CERN Announces Discovery of Different Pentaquarks

NEWPORT NEWS, VA, July 15, 2015 – CERN, the European Organization for Nuclear Research, has announced that its LHCb experiment has discovered two possible pentaquark particles that haven't been seen before. If confirmed, these new particles will herald the discovery of a whole new class of particles.

Pentaquarks gained international attention in 2003, when evidence for a lighter cousin of the pentaquarks announced by CERN was thought to have been found by experimenters at SPring-8 in Japan, the Department of Energy's Thomas Jefferson National Accelerator Facility, the Alikhanov Institute for Theoretical and Experimental Physics (ITEP) in the Russian Federation and the ELectron Stretcher and Accelerator (ELSA) in Germany.

"The possible pentaquark sightings in experiments in the early 2000s were not confirmed by more precise measurements subsequently performed here at Jefferson Lab and elsewhere." says Robert McKeown, Jefferson Lab's Deputy Director for Science. "But the announcement from the LHCb Collaboration reports evidence of much heavier pentaquarks, which would be completely different particles. If these particles seen at CERN truly exist, then there may be implications for other studies that can be performed at Jefferson Lab and other facilities. So these new results are of great interest to our scientists and others around the world."

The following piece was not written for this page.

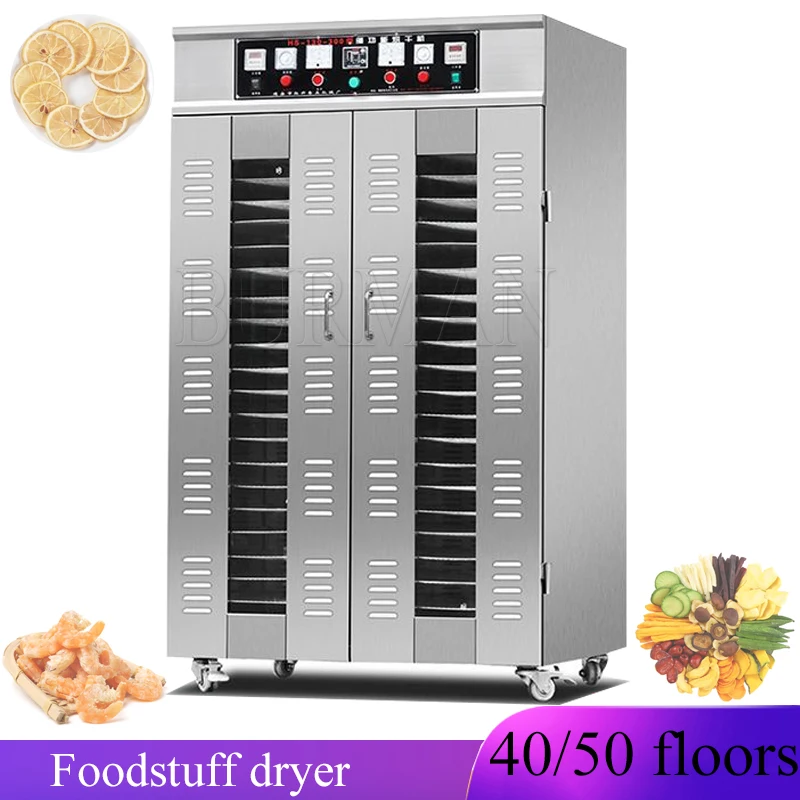 

40/50 Layers Fruit Vegetable Drying Machine Commercial Home Dual-use Food Dryer Stainless Steel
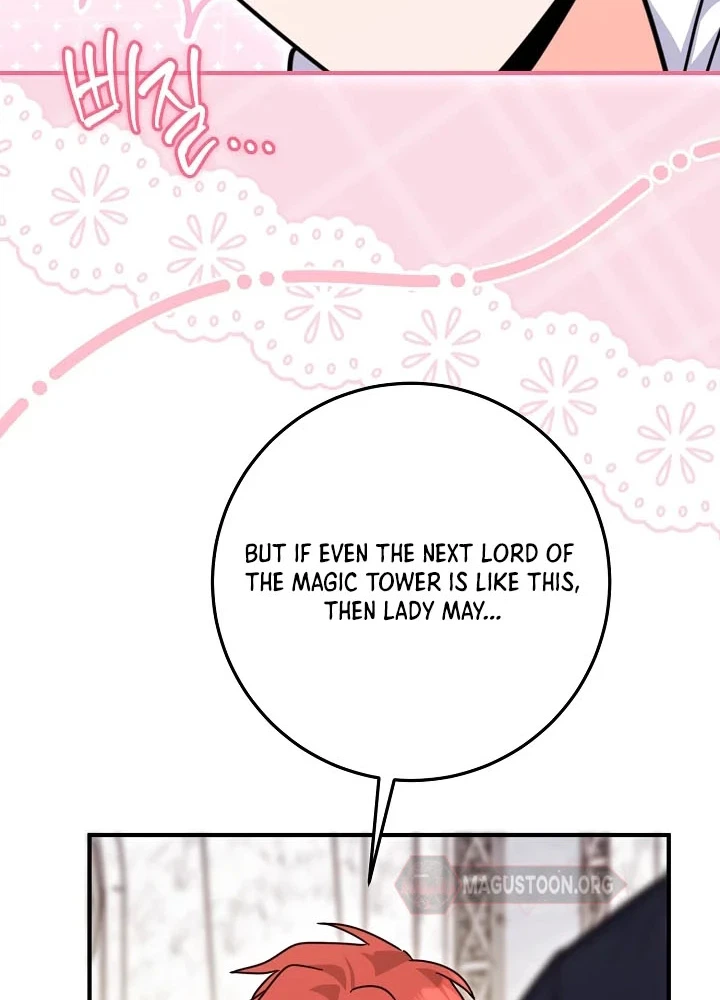 I Can See The Title Chapter 39 Page 20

The prospect of a pentaquark discovery is exciting news, because pentaquarks break the rules of how the building blocks of protons and neutrons are ordinarily found. These building blocks, quarks, have always been found glued together into groups of two or three. For instance, protons and neutrons are each made of three quarks.

However, while it's not been definitively confirmed in experiment, it is theoretically possible for quarks to arrange themselves in a five-some in a family of particles known as pentaquarks. Pentaquarks are thought to be composed of certain combinations of the six flavors of quarks –  up, down, strange, charm, bottom and top – and anti-quarks – anti-up quark, anti-down quark, anti-strange quark, anti-charm quark, anti-bottom quark and anti-top quark.

In 2003, researchers thought that they had found hints in their data of such a five-some called the Θ+(1540), or Theta-plus, pentaquark. This pentaquark was thought to be built of two up quarks, two down quarks and an anti-strange quark. Its mass, measured in millions of electron-Volts, was thought to be 1540 MeV. However, several dedicated pentaquark searches carried out soon after the initial announcements provided more detailed data that eventually over-ruled the potential pentaquark signals.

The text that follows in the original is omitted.